STORED DATA

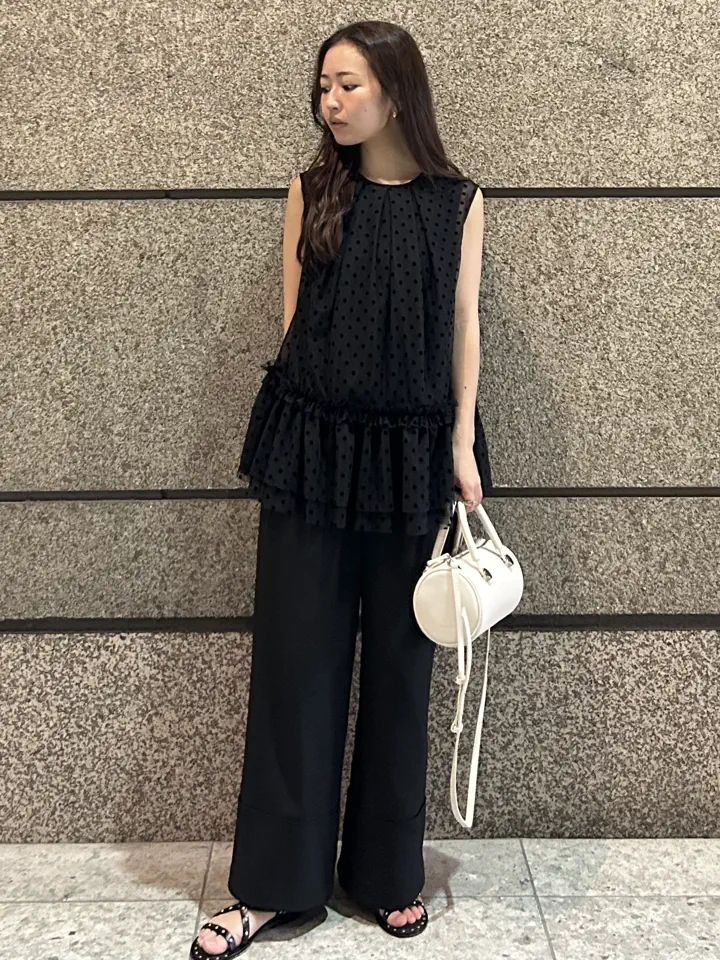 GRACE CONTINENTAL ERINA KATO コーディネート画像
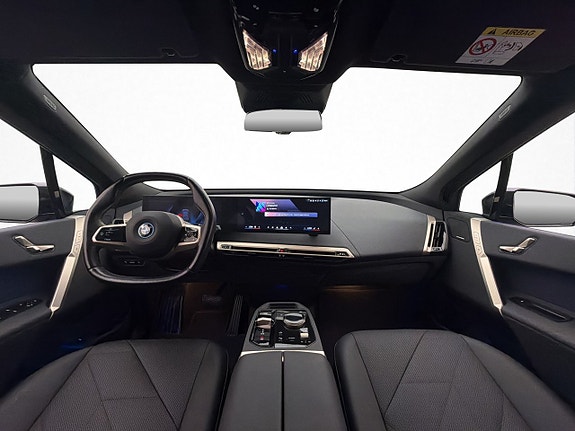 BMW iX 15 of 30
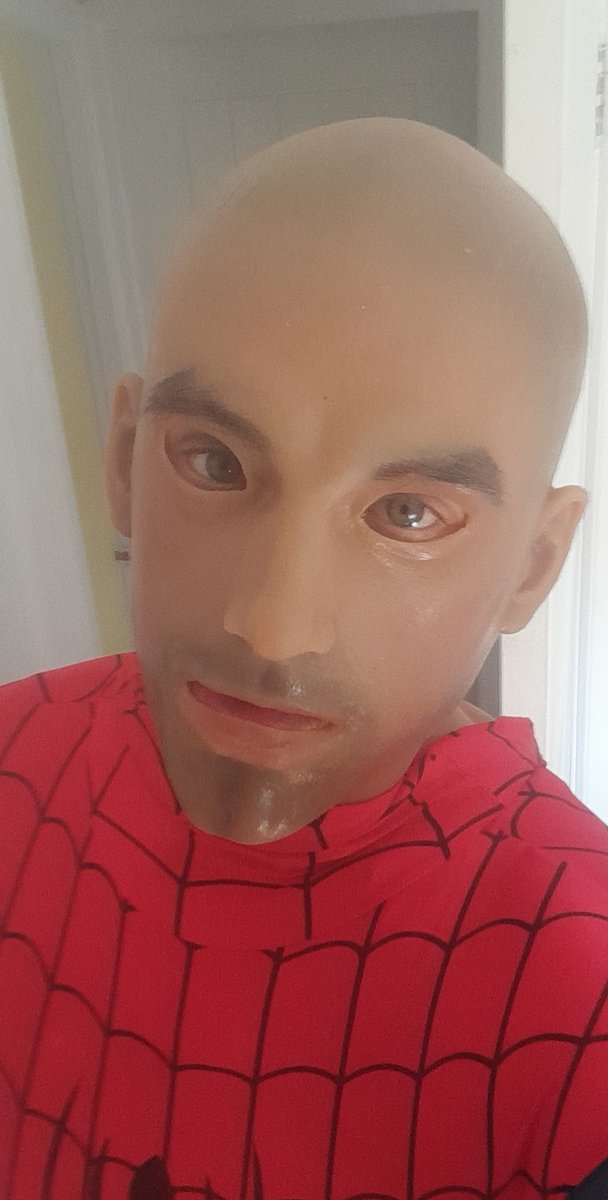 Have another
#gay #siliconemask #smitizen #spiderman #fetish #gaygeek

THE TASK
Copy exactly, and only, the lines running from the one containing "Have another" through the final line of the data, and omit the pictures.

SOLUTION FOR THIS TASK
 Have another
#gay #siliconemask #smitizen #spiderman #fetish #gaygeek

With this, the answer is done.